What you are asked to do
What's needed: every entry, printed exactly, minus the images.

Image-caption web data:
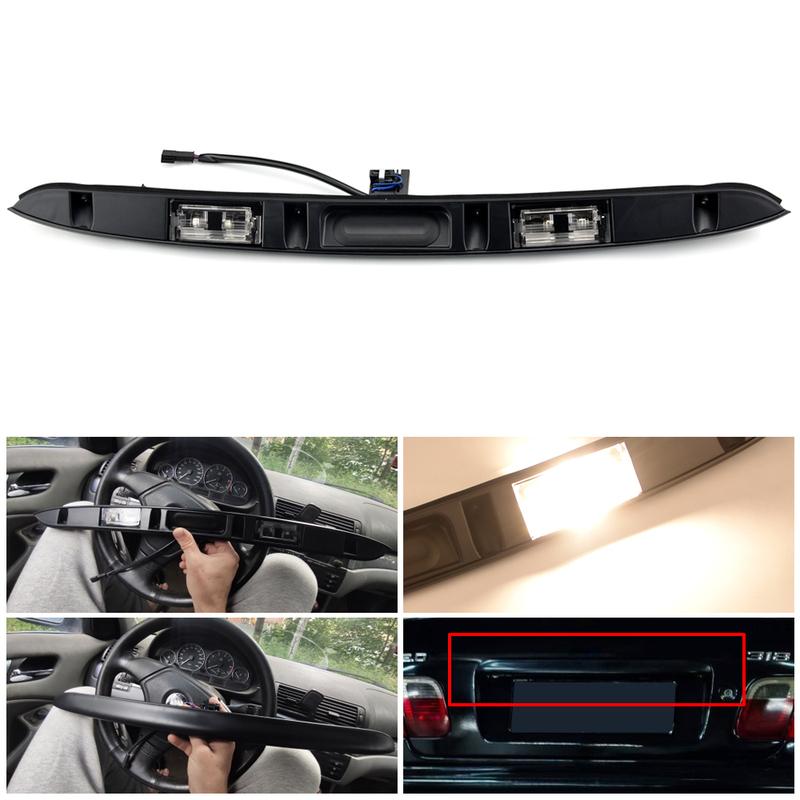 Upgraded Tailgate Switch Trim Panel Car Trunk Lid Grip Quick Fixing for E46 Compact-size 51137171699 51137170966 Durable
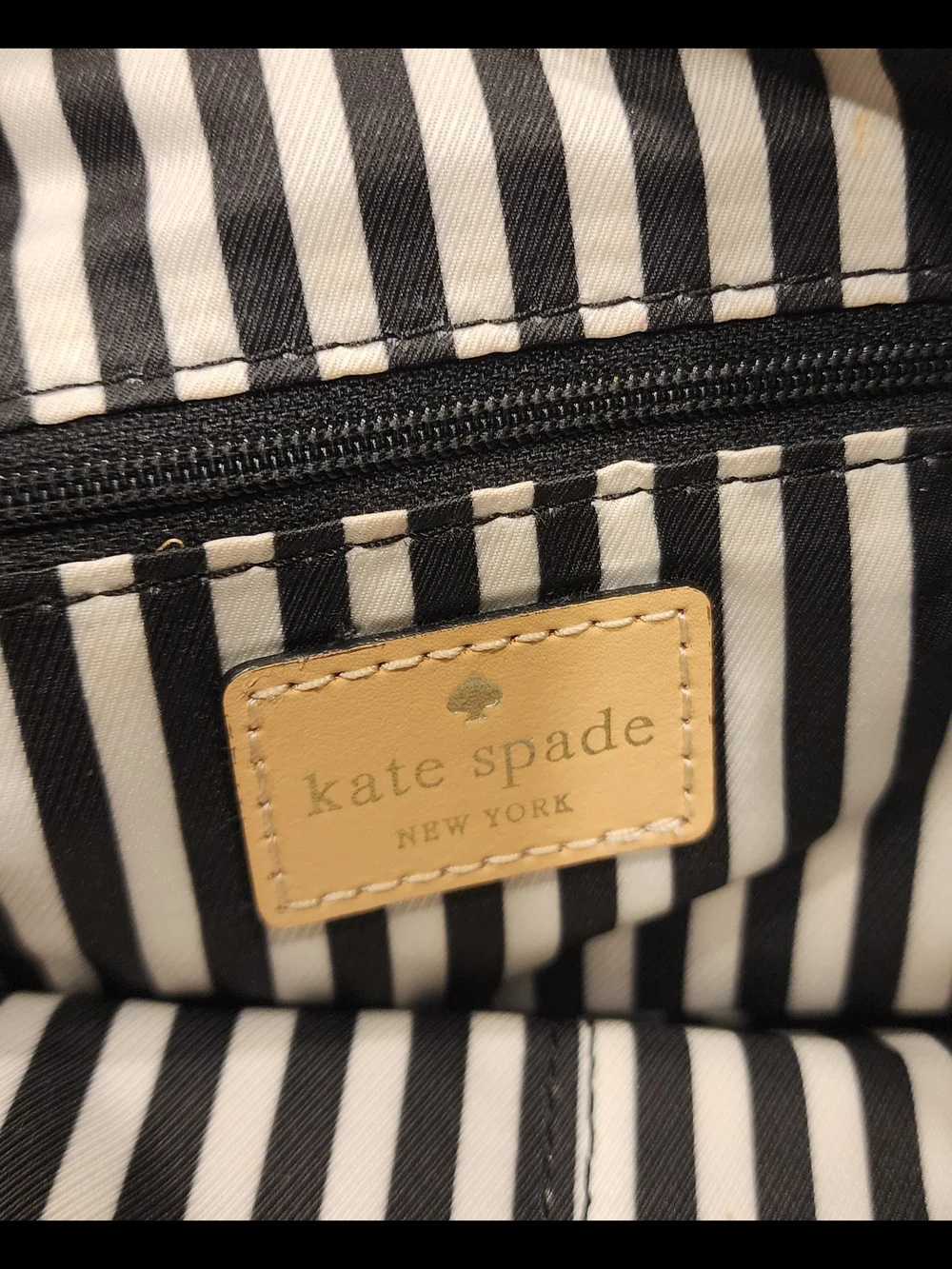 Kate Spade Cream Leather Dome Satchel with Tan Handles
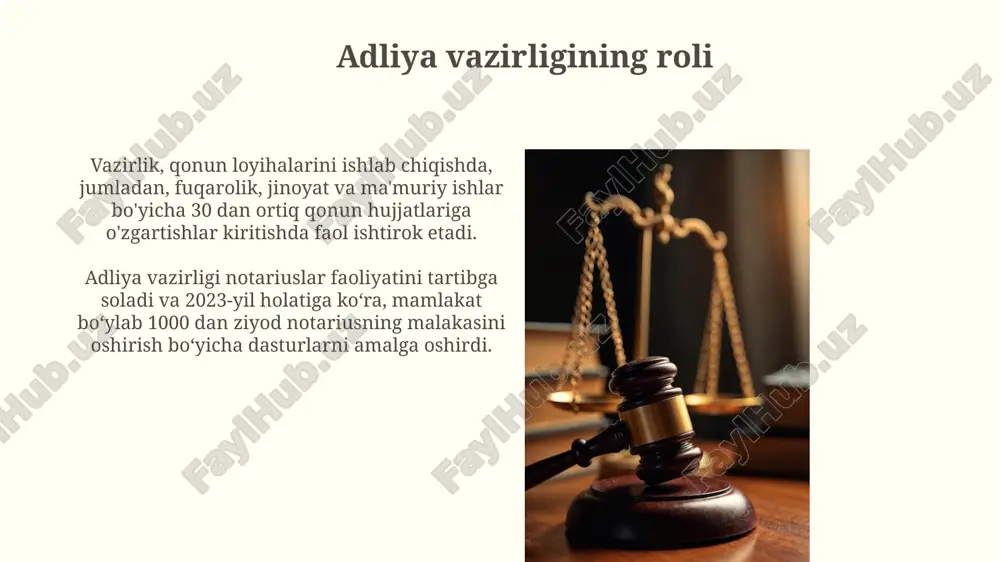 i tahlil qilish uchun keng imkoniyatlar yaratadi. elektron arxivlashtirish tizimining joriy etilishi natijasida sud hujjatlariga kirish va ular bilan ishlash muddati 2 baravarga qisqardi, bu esa sud ishlarini tezlashtirishga yordam beradi. sud ekspertizasining ahamiyati sud ekspertizasi jinoyat ishlarining 70% gacha bo‘lgan qismida dalillarni aniqlash va ishonchlilik darajasini oshirishda muhim rol o‘ynaydi, bu esa adolatli hukm chiqarishga yordam beradi. sud ekspertizasining turli sohalari, jumladan, tibbiyot, moliya va texnologiya sohalarida mutaxassislarning ishtiroki, aniq va ishonchli natijalar olishni ta'minlaydi va xatolik ehtimolini 10% dan pastga tushiradi. e'tiboringiz uchun rahmat @taqdimot_robot image2.jpg image3.jpg image4.jpg image5.jpg image6.jpg image7.jpg image8.jpg image9.jpg image10.jpg image11.jpg image12.jpg image13.jpg image14.jpg image15.jpg image16.jpg image17.jpg image18.jpg
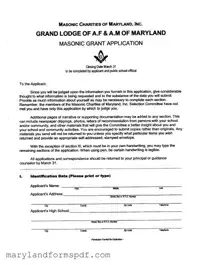 Masonic Lodge Scholarship Application Maryland PDF Template
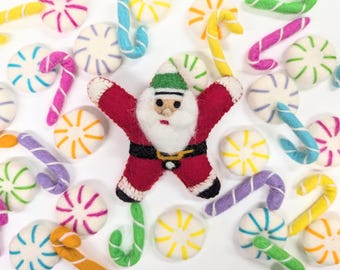 Felt Christmas Mints Candy Cane Matching Game / Play Food Candies / Needle Felted Winter Mints for Crafts Garland Christmas Decoration
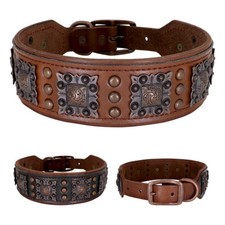 Retro Wide Real Leather Dog Collar w/Studs Heavy Duty for Large Pets Rottweiler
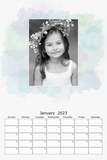 Watercolor 12x18 Calendar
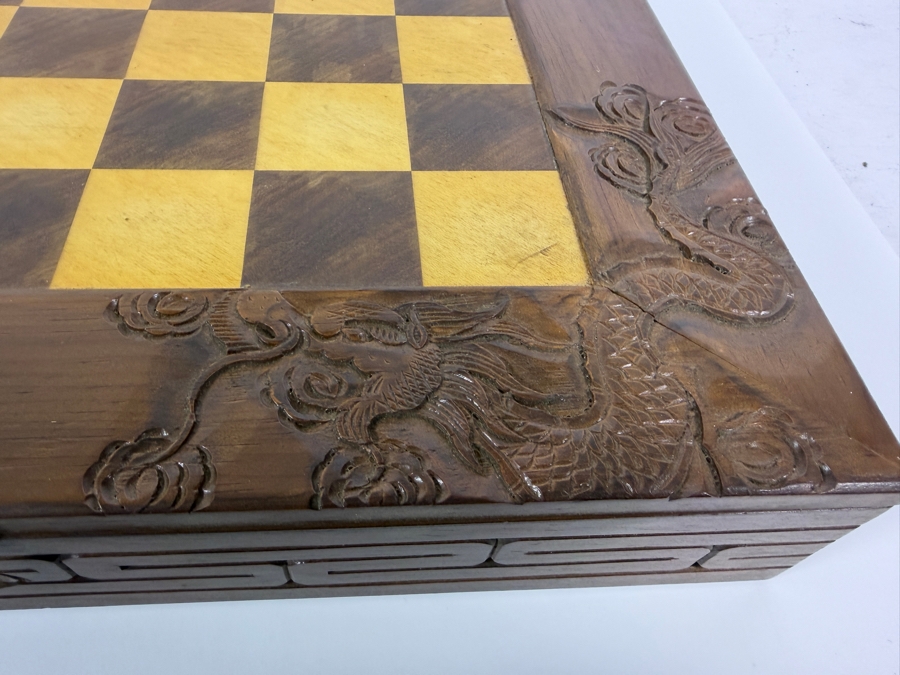 Vintage Mid Century Chinese Carved Wood Folding Chess Set Box Featuring Dragon Motifs And Red Velvet Lined Built In Drawer Compartments Storing Hand Carved Chess Pieces [Photo 4]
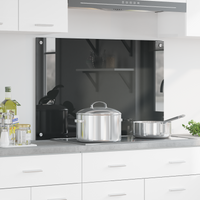 Schienale Cucina Grigio Scuro 90x60x0,6 cm in Vetro Temperato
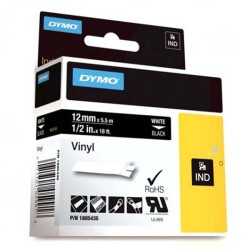 RHINO TAPE VINYL 12MM/5.5M/WHITE ON BLACK GR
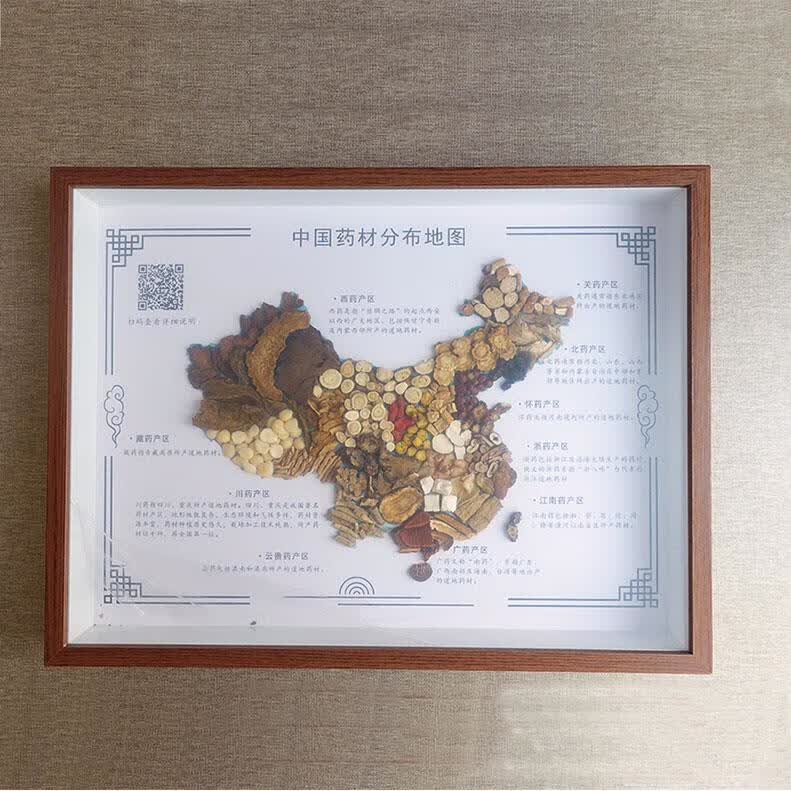 中药地图装饰画中药材挂画标本展示画中国省份中 32*42cm中国地图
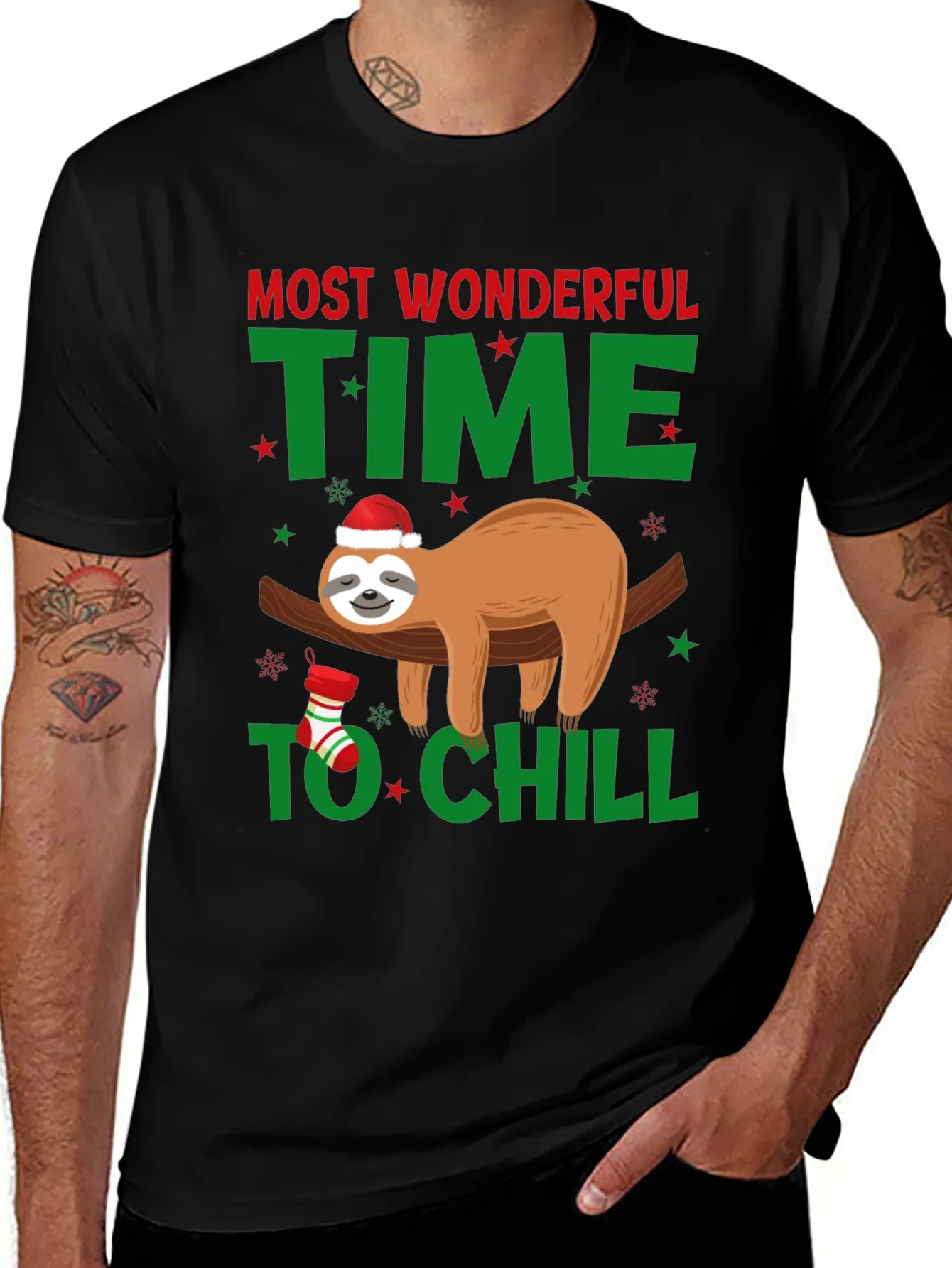 Festive Sloth T-Shirt: Most Wonderful Time to Chill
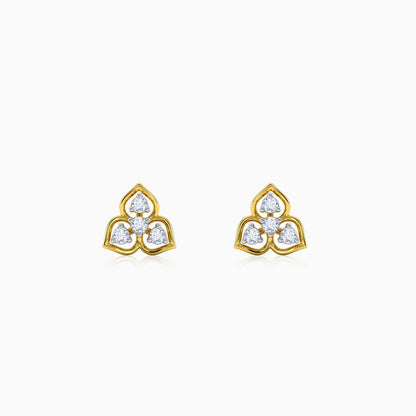Gold Clover Loop Lab Grown Diamond Earrings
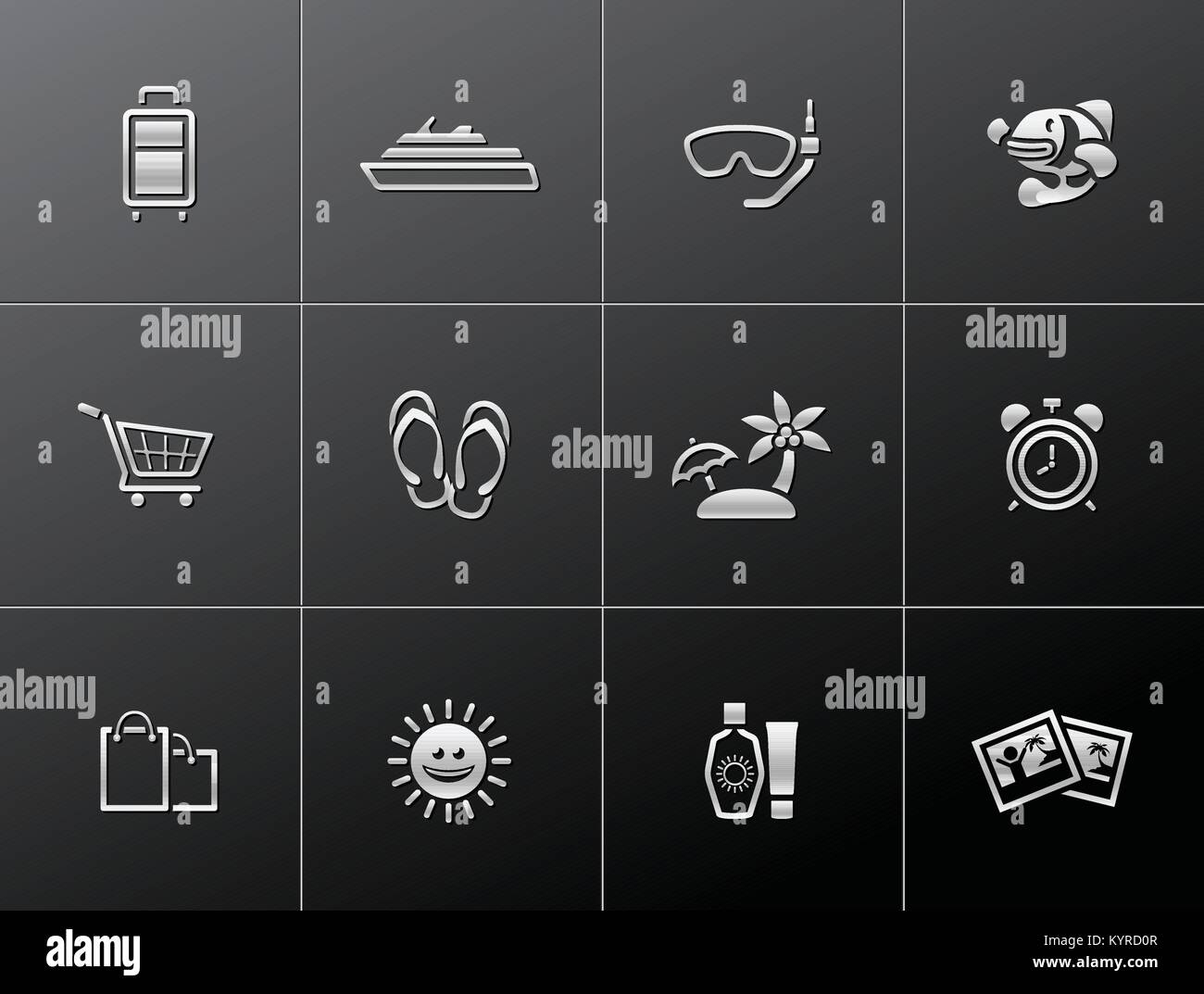 Travel icon set in metallic style Stock Vector Image & Art - Alamy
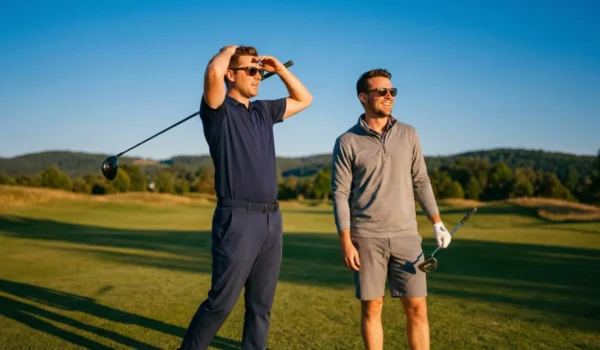 Two young men in golf clothing smiling and watching a shot on a sunny fairway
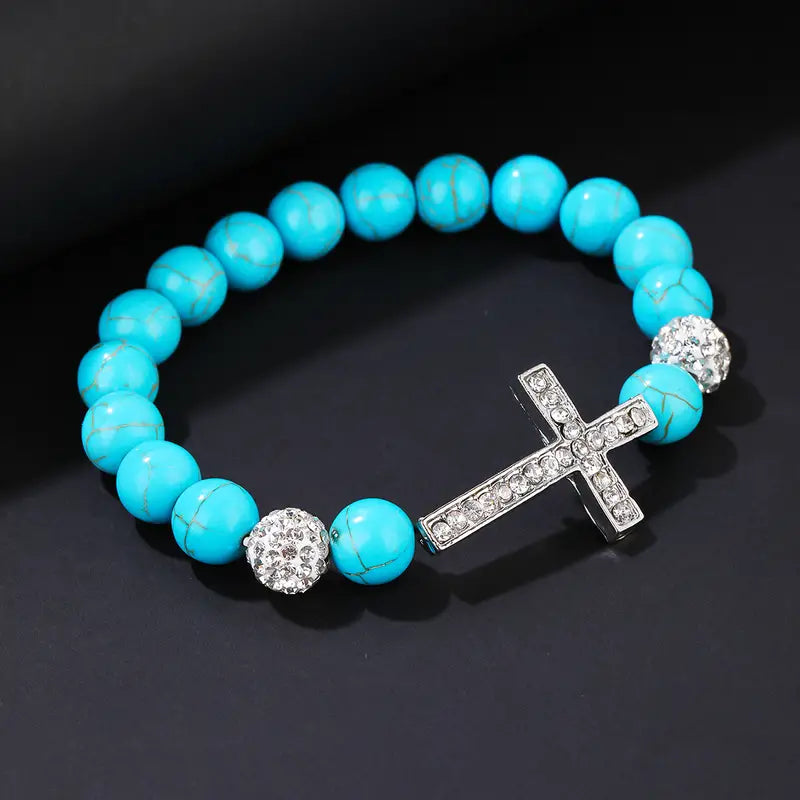 Turquoise Beaded Cross Bracelet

Task output
 Upgraded Tailgate Switch Trim Panel Car Trunk Lid Grip Quick Fixing for E46 Compact-size 51137171699 51137170966 Durable
 Kate Spade Cream Leather Dome Satchel with Tan Handles
 i tahlil qilish uchun keng imkoniyatlar yaratadi. elektron arxivlashtirish tizimining joriy etilishi natijasida sud hujjatlariga kirish va ular bilan ishlash muddati 2 baravarga qisqardi, bu esa sud ishlarini tezlashtirishga yordam beradi. sud ekspertizasining ahamiyati sud ekspertizasi jinoyat ishlarining 70% gacha bo‘lgan qismida dalillarni aniqlash va ishonchlilik darajasini oshirishda muhim rol o‘ynaydi, bu esa adolatli hukm chiqarishga yordam beradi. sud ekspertizasining turli sohalari, jumladan, tibbiyot, moliya va texnologiya sohalarida mutaxassislarning ishtiroki, aniq va ishonchli natijalar olishni ta'minlaydi va xatolik ehtimolini 10% dan pastga tushiradi. e'tiboringiz uchun rahmat @taqdimot_robot image2.jpg image3.jpg image4.jpg image5.jpg image6.jpg image7.jpg image8.jpg image9.jpg image10.jpg image11.jpg image12.jpg image13.jpg image14.jpg image15.jpg image16.jpg image17.jpg image18.jpg
 Masonic Lodge Scholarship Application Maryland PDF Template
 Felt Christmas Mints Candy Cane Matching Game / Play Food Candies / Needle Felted Winter Mints for Crafts Garland Christmas Decoration
 Retro Wide Real Leather Dog Collar w/Studs Heavy Duty for Large Pets Rottweiler
 Watercolor 12x18 Calendar
 Vintage Mid Century Chinese Carved Wood Folding Chess Set Box Featuring Dragon Motifs And Red Velvet Lined Built In Drawer Compartments Storing Hand Carved Chess Pieces [Photo 4]
 Schienale Cucina Grigio Scuro 90x60x0,6 cm in Vetro Temperato
 RHINO TAPE VINYL 12MM/5.5M/WHITE ON BLACK GR
 中药地图装饰画中药材挂画标本展示画中国省份中 32*42cm中国地图
 Festive Sloth T-Shirt: Most Wonderful Time to Chill
Gold Clover Loop Lab Grown Diamond Earrings
 Travel icon set in metallic style Stock Vector Image & Art - Alamy
 Two young men in golf clothing smiling and watching a shot on a sunny fairway
 Turquoise Beaded Cross Bracelet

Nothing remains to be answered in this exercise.